- _Assigned task_: Look below for the line containing "Vliesbehang - Easy", then write out that line and every line after it to the end, exactly, minus the pictures.

- _Exercise data_:
------

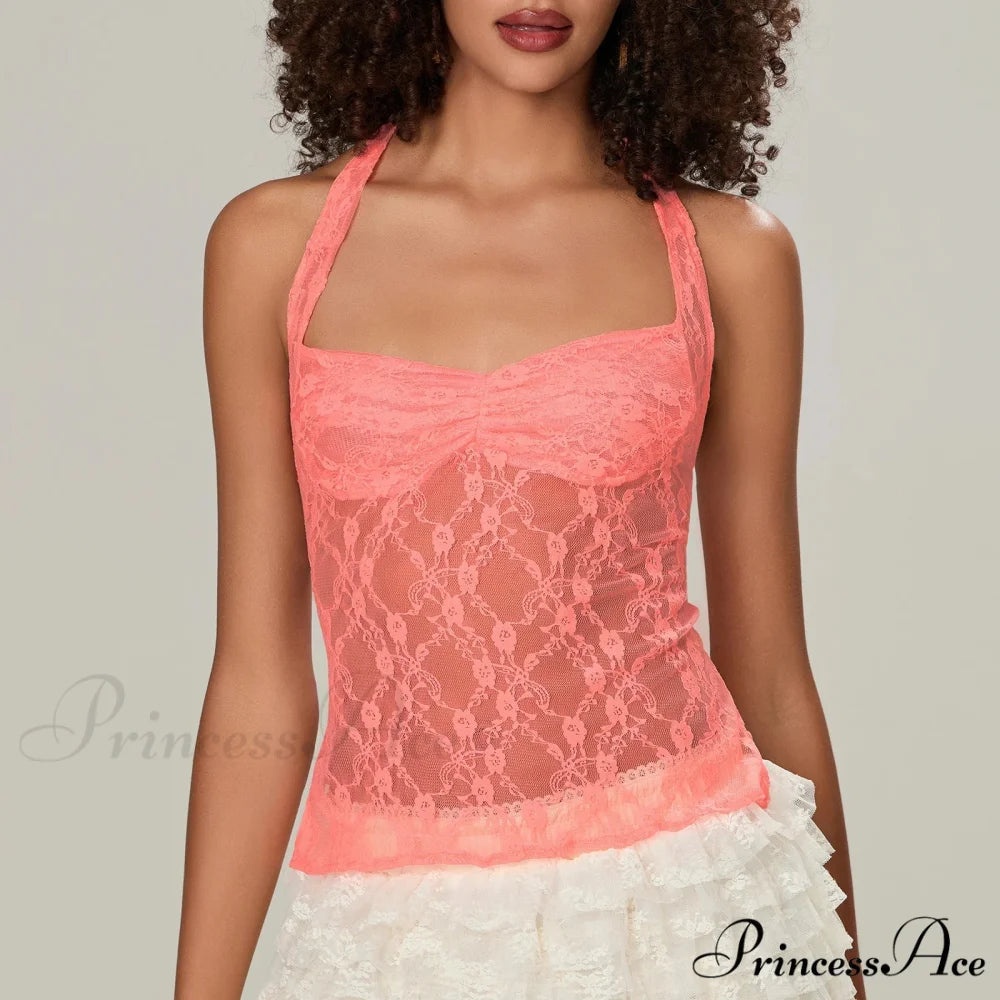 Lace Halter Bind-Up Crop Top orange / S croptop-250223
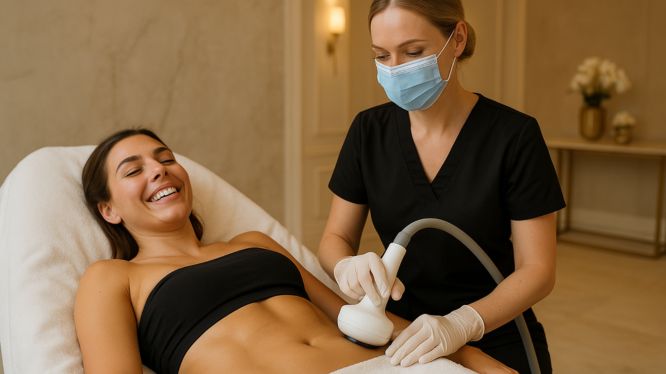 Lächelnde Frau erhält eine RF Sculpt Körperbehandlung in einer luxuriösen Klinik. Der Gesundheitsfachmann trägt eine Maske und Handschuhe und wendet die Behandlung auf den Bauch der Patientin an, die entspannt auf der Liege in einer warmen und eleganten Umgebung liegt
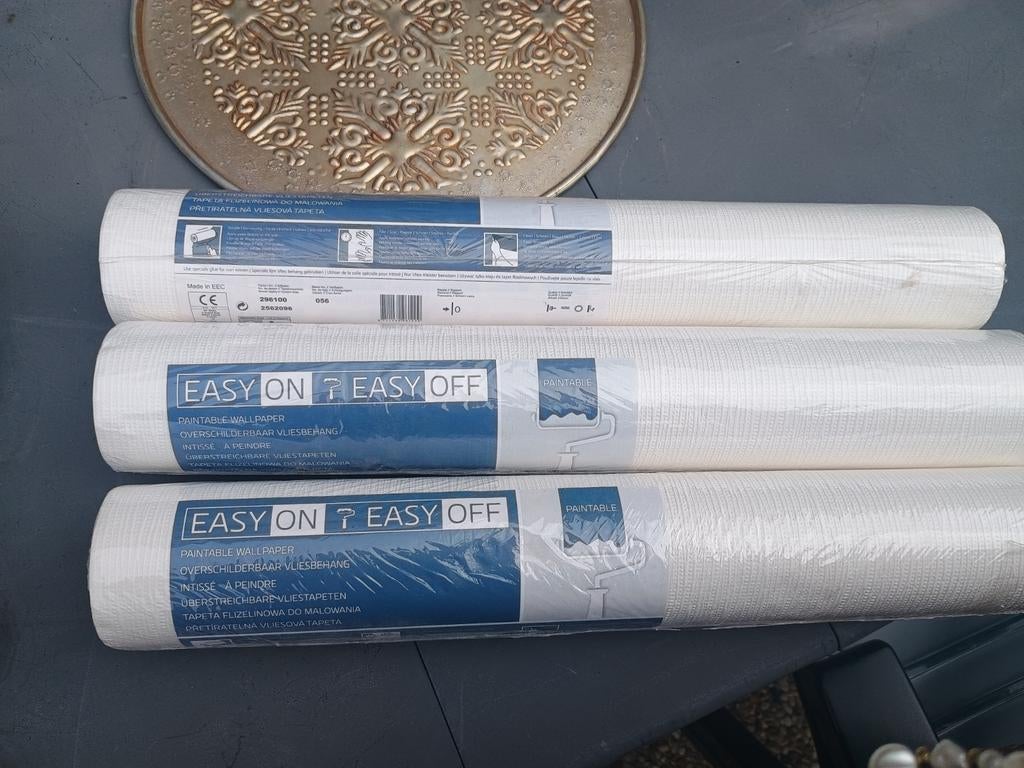 Vliesbehang - Easy On Easy Off - Overschilderbaar, Ophalen of Verzenden, Minder dan 10 m², Wit, Modern, Neutraal, Overschilderbaar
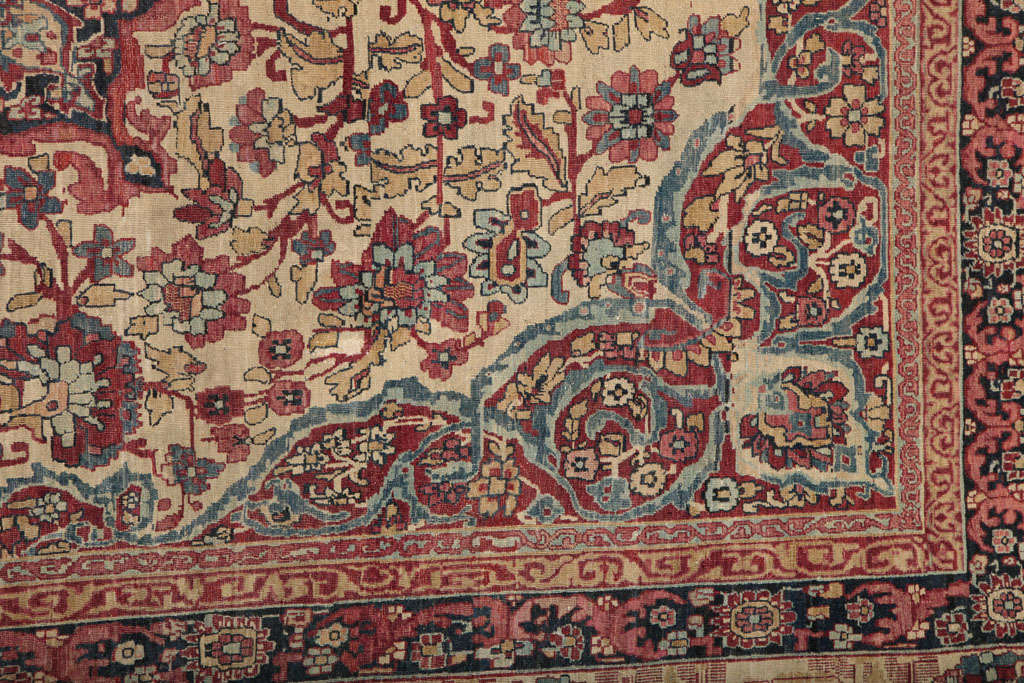 20th Century Antique Wool Persian Kermanshah Rug, Circa 1880, Hand-knotted, 8' x 11' For Sale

------

- _Finished exercise_:
 Vliesbehang - Easy On Easy Off - Overschilderbaar, Ophalen of Verzenden, Minder dan 10 m², Wit, Modern, Neutraal, Overschilderbaar
 20th Century Antique Wool Persian Kermanshah Rug, Circa 1880, Hand-knotted, 8' x 11' For Sale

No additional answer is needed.